AUGHHH!!! YOU...UGH!!! TR-TRICKY...BUNNY...OWWW!!! _<he holds on as long as he can, but finally with a piercing scream, you feel his legs and tail slip free from you as he releases your arm and flips backwards. He lands several feet away and tries to stand, his right leg wobbling slightly as he reflexively reaches down to grab it in pain.>_

Oooo, that one HURT! Good one, I'll give ya that, you're *much *better than you seem!_ <examines your ears carefully as he rubs his leg, trying to see how their fluffy texture caused such damage. He remembers the glow from earlier and starts to think> _You...you and I both have other abilities it would seem...and I think I can figure out from where. _<he smiles slightly and extends the claws from his free paw> _Let's test something!!!

_<the cat quickly drops down and using his good leg, flips sideways to a nearby boulder in the sand. He takes his claws and sloooowly scratch them along the smooth edge, creating a piercing squeal that sends shivers down your spine. The cat lowers his own ears and endures the sound with a pained grimace while watching you carefully to see if your larger ears are affected more by the shrill sound or not>_


----------



## Monosuki the Aurian (Jan 1, 2021)

The bunny finally feels the cat release him after enduring a battering onslaught with his ears, flipping back onto his feet, and a good distance away from the cat. He rubbed his arm a bit, which was only a tad bit sore from the uncomfortable position.

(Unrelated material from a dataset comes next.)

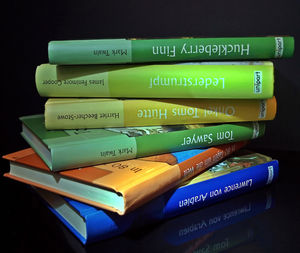 High angle view of books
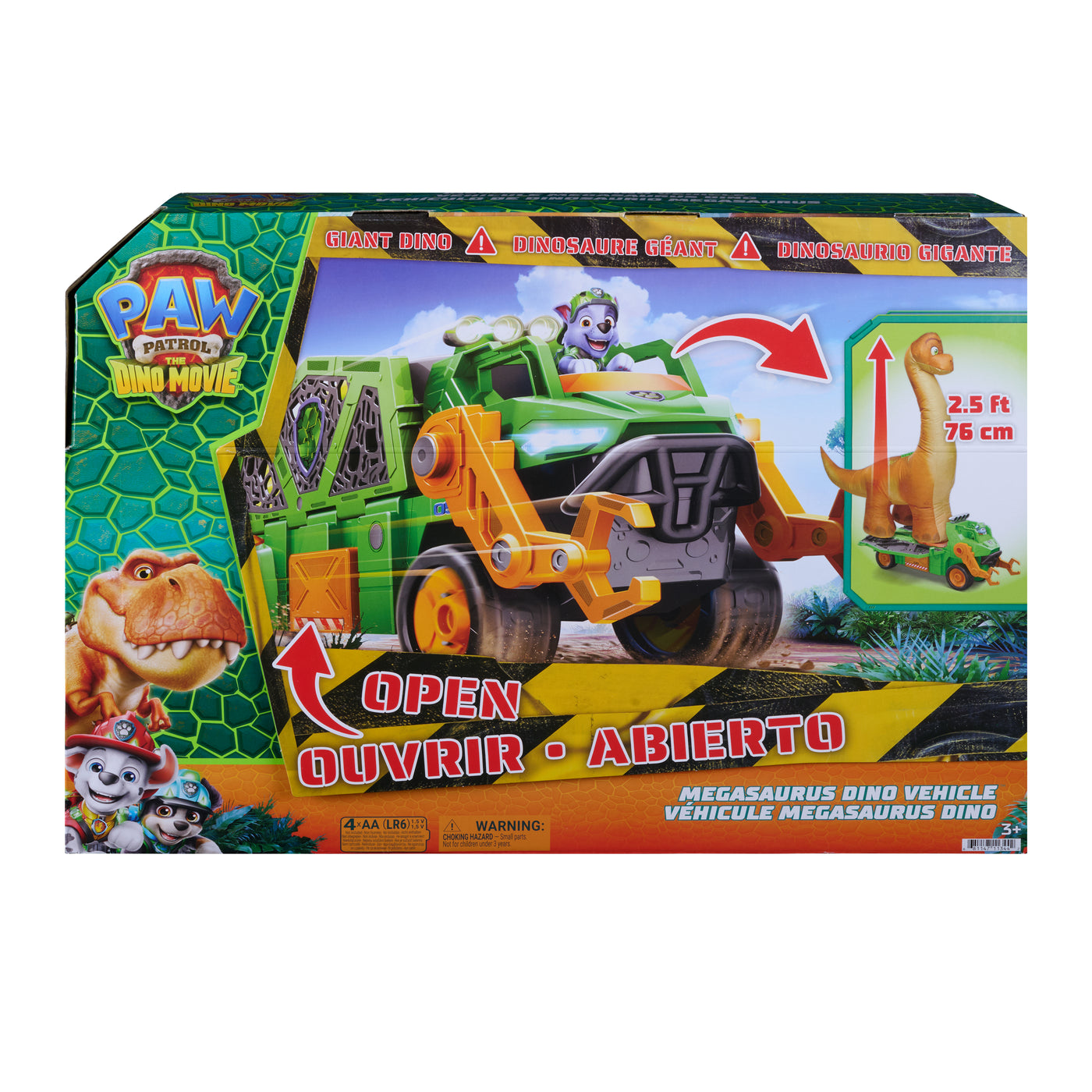 Paw Patrol: The Dino Movie Rocky's Megasaurus Transport Vehicle, Push Button Inflatable Dino with Sound Effects and Rocky Figure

"Ah, indeed. You seem to have quite the clever array of skills at your disposal so it seems....and I must accredit that. You are quite witty and clever..," Karma said, blinking  a bit.

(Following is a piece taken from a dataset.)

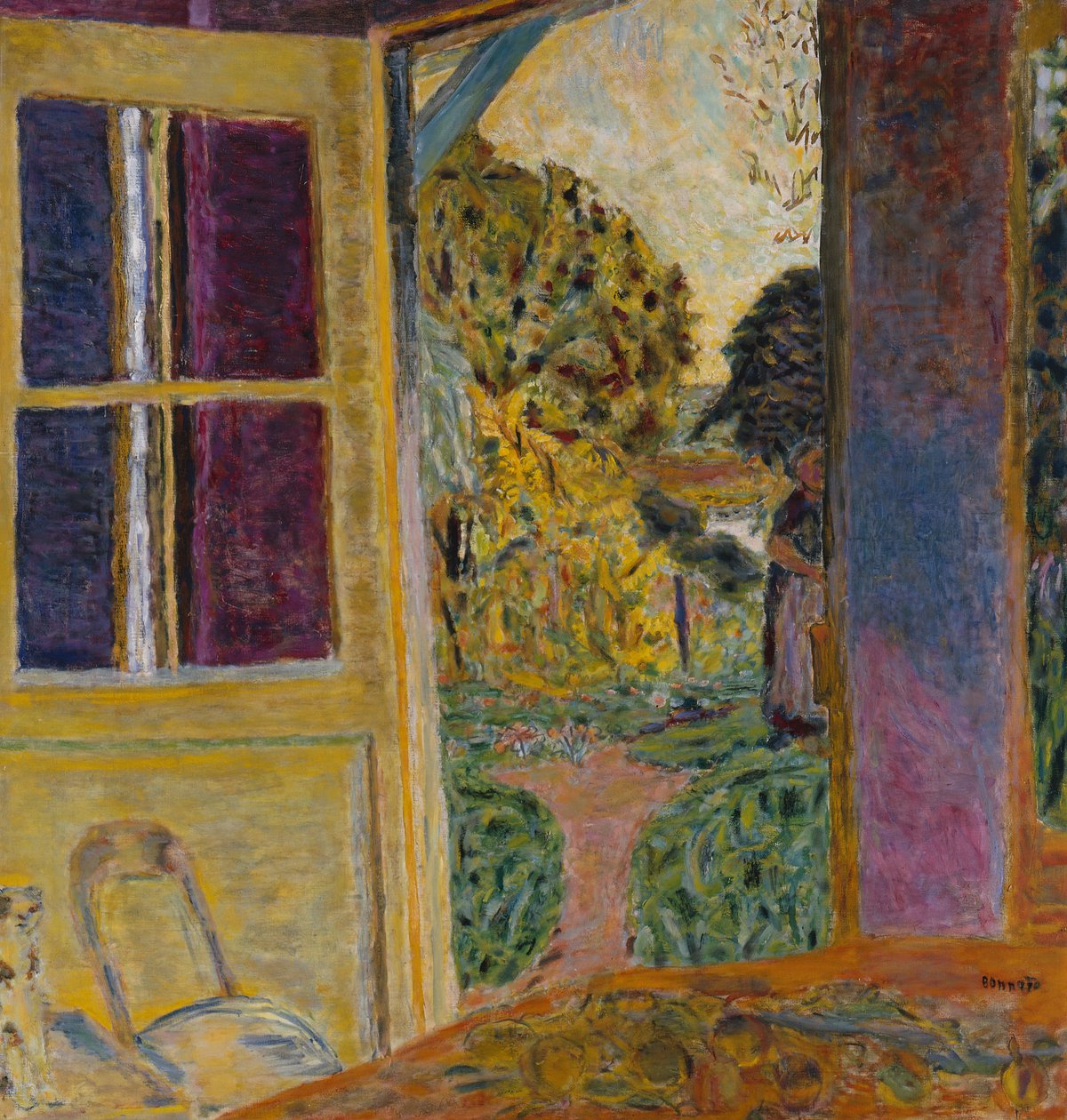Dør åbner ud til haven, ca. 1924 (olie på lærred) af Pierre Bonnard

Never in any fight would he see himself crediting his foe with their tenacity and cleverness.

He tilted his head a bit, watching the feline go to a boulder. When he scratched it, Karma yelped and cried out, covering his ears the best he can. Just the sheer sound was enough to make him fall to his knees, whining softly as he held his large, fluffy ears closed the best he could.

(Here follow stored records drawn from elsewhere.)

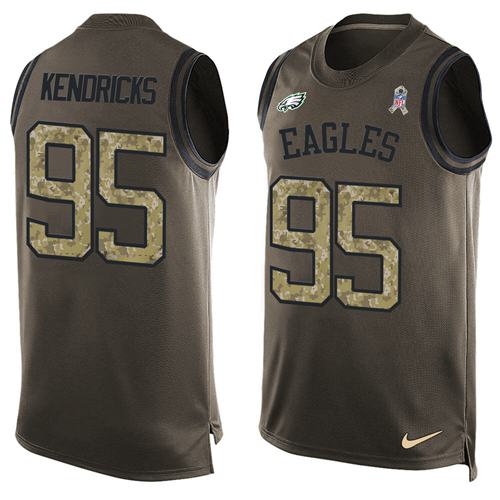 Nike Eagles #95 Mychal Kendricks Green Men's Stitched NFL Limited Salute To Service Tank Top Jersey - Click Image to Close
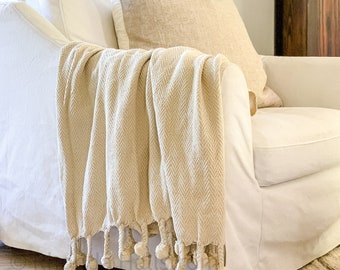 Cotton Pom Pom Blanket/Cotton Blanket/Throw Blanket/Cream Fringe Blanket/Cream Blanket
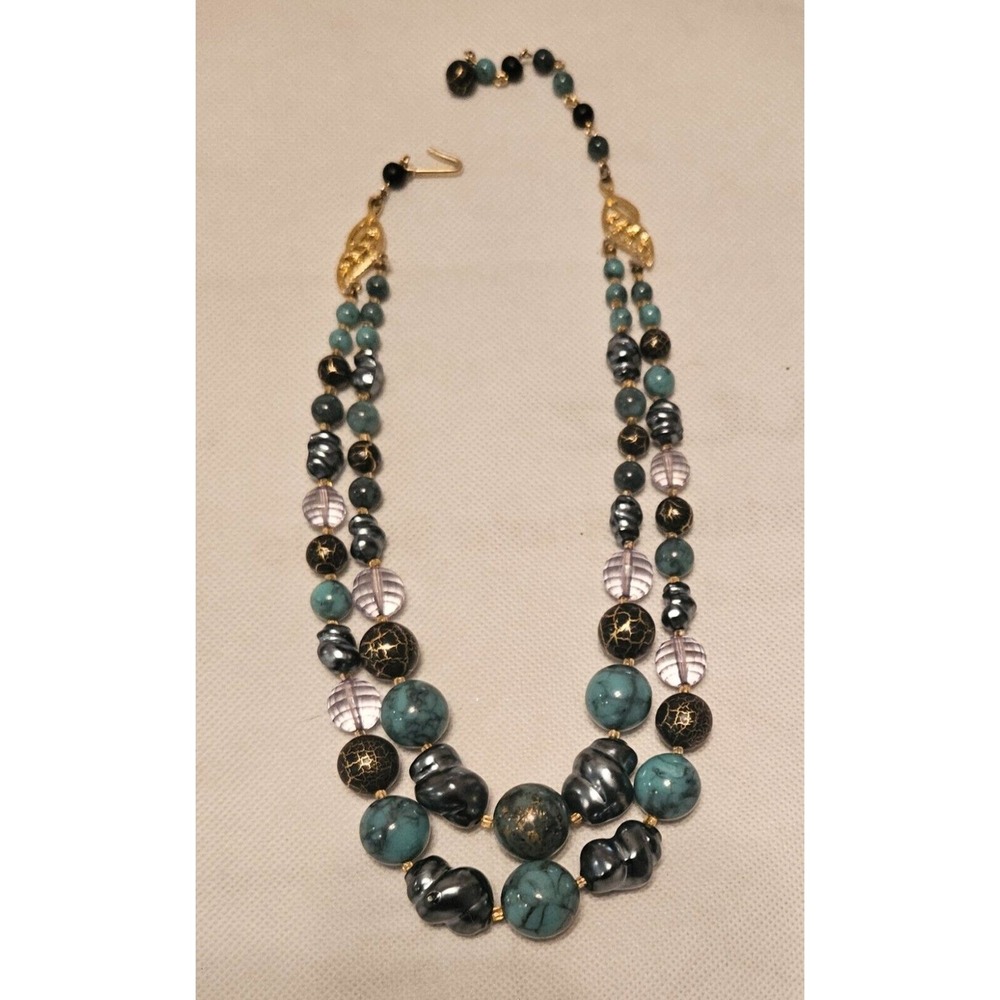 Japan‎ Vintage Beaded Necklace Two Strand Turquoise Gold Accent Fashion Jewelry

"Gosh darn it.....t-that hurt....," the bunny whined, rubbing his ears. Slowly, he got up, looking at his own paws.

Shaky.

Darn. The one ace he had up his sleeve, the element of surprise. It was now lost......but no matter. That's just one of his hands exposed in this card game.

He still had  a whole deck to dish out...


----------



## Mambi (Jan 3, 2021)

_<the cat stops scratching he boulder and rests his swollen leg, watching you cower and cringe in pain at the sound with a wicked smile> _

AHA! I figured as much...sensitive hearing! THAT'S how you grabbed me earlier...you heard me approaching you! <teehee> You can hear super good and make them cute fluffy ears of yours as hard as steel it seems. I wonder what else you can do...but I can use that super-hearing to my advantage now, fluffy iron-ears! <_he tries to stand and shakily succeeds, scanning the horizon for anything he can use. He sees you left your motorcycle still running, perhaps in case you needed it quickly to escape or attack he figures, and his eyes widen with an idea...> _

Karma...I pity you...time to wish you had earmuffs! <_his eyes suddenly glow and as you look around quickly for any rifts to form, you see a glint of a shimmer beside your head to the left and instantly are overwhelmed with a deafening roar of an engine right beside your own head, the vibrations loud enough to rattle it dizzily. Wincing in pain, your closing eyes shakily look through the portal and see your own motorcycle's exhaust, inches away from your ears through the hole in space, roaring loudly as the engine booms far too loudly for your sensitive ears. As you fall to your knees and reach up in pain, the cat sees the sands starts to disperse from lack of concentration and he uses his one good leg and front paws to run towards you, trying to score a swipe before you recover...>_


----------



## Monosuki the Aurian (Jan 3, 2021)

The Bunny watched him carefully, getting back up as he rubbed his head gently, sighing a bit. "Crap.....well, there may have gone that advantage.....but that doesn't mean that's everything I got to offer....I'll keep seeing what I can do really...," the bunny said, his ears lightly wincing from the sounds.

He kept his eyes on the feline, unsure of what his next move was. When he heard the words of pity, he tilted his head, preparing himself for the worst. "Alright then.....let's see what you got!," Karma said, then gasped, hearing the bike far too close to his ear.

Just the engine alone would be enough to make a man break, but with his elevated sense of hearing, it really put him through the wringer. Karma screamed in sheer pain, covering his ears, pulling on them just to try to make sure he couldn't hear the engine.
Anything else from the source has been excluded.